→ **About this task**
Everything in the listing below must be reproduced exactly, apart from its images.
Start of Recorded information
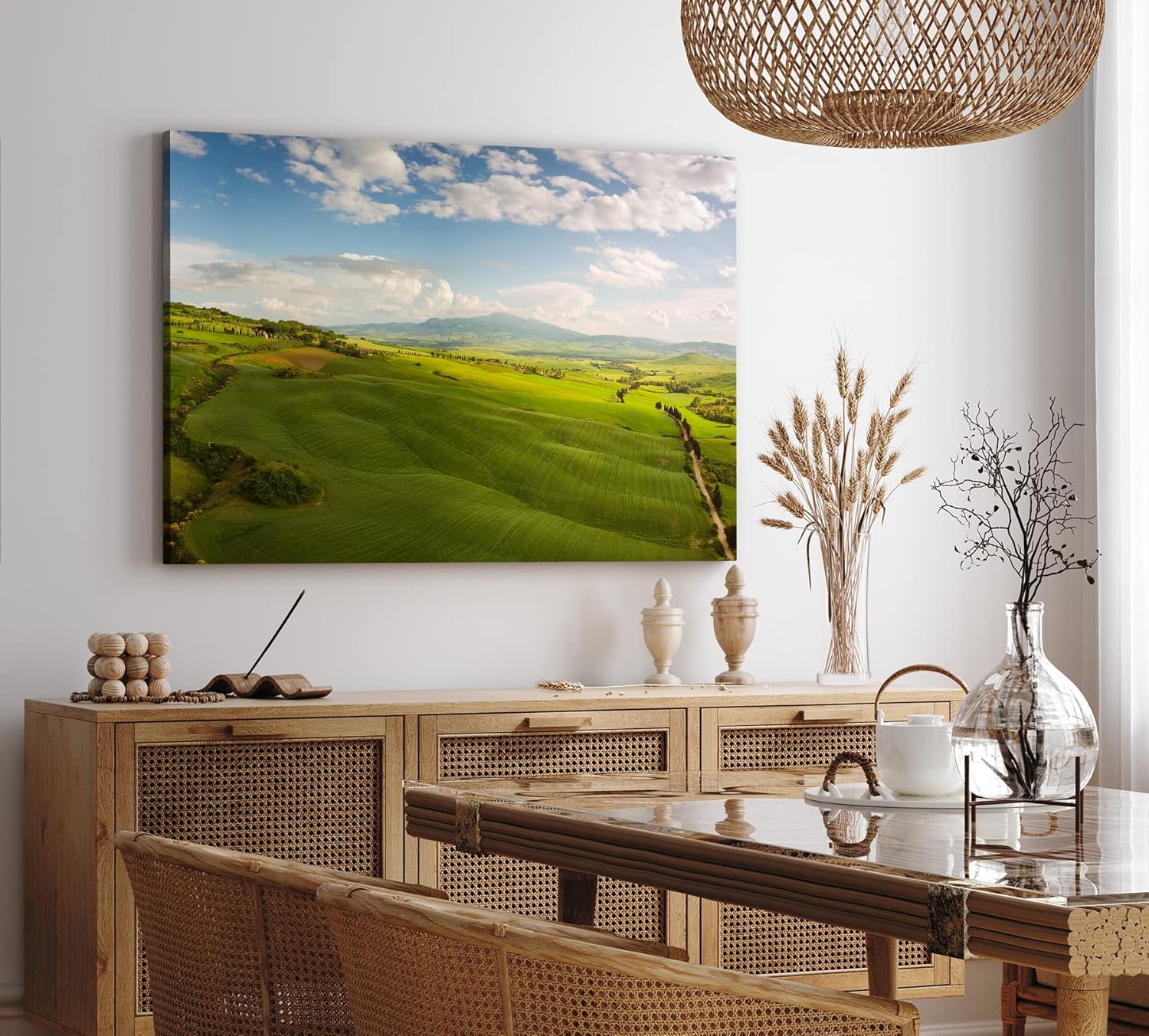 Paul Sinus Wandbild 120x80cm Grüne Wiese Landschaft Berge Natur Felder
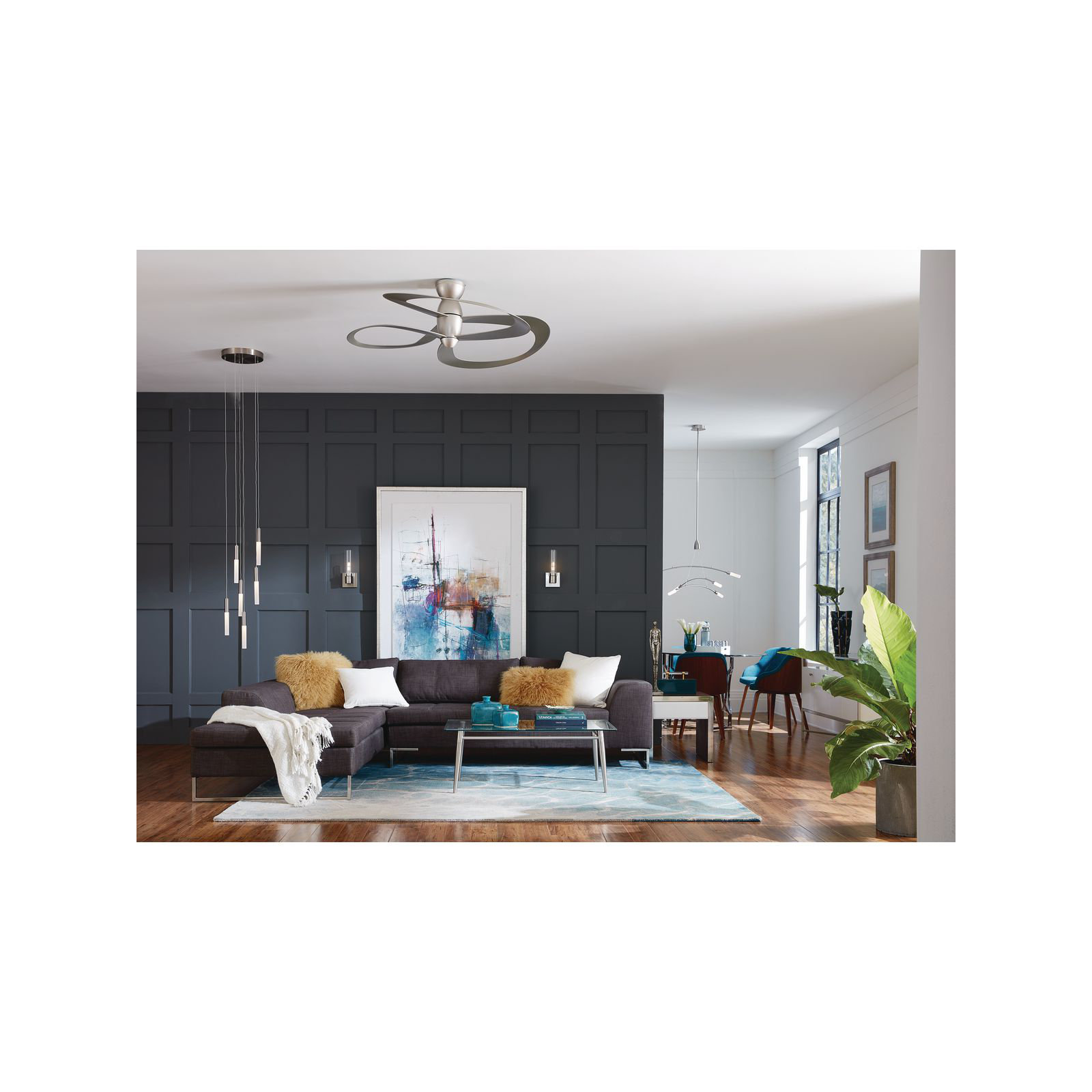 48'' 3 Blade Ceiling Fan, Painted Nickel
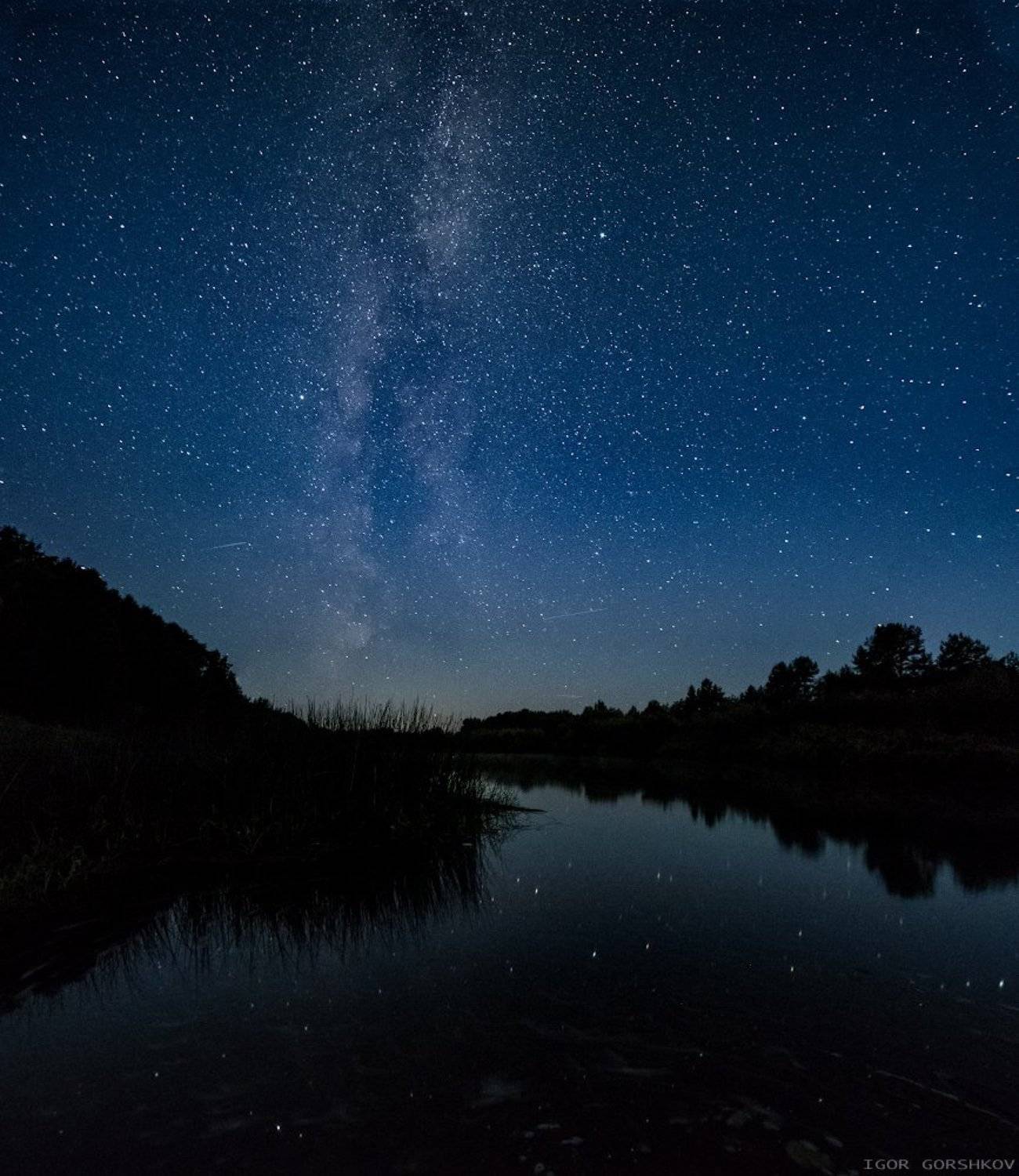 ночное небо,звёздное небо,звёзды,ночь,пейзаж,река,млечный путь,отражения,панорама,лето,, Горшков Игорь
End of Recorded information
→ **Exercise response**
 Paul Sinus Wandbild 120x80cm Grüne Wiese Landschaft Berge Natur Felder
 48'' 3 Blade Ceiling Fan, Painted Nickel
 ночное небо,звёздное небо,звёзды,ночь,пейзаж,река,млечный путь,отражения,панорама,лето,, Горшков Игорь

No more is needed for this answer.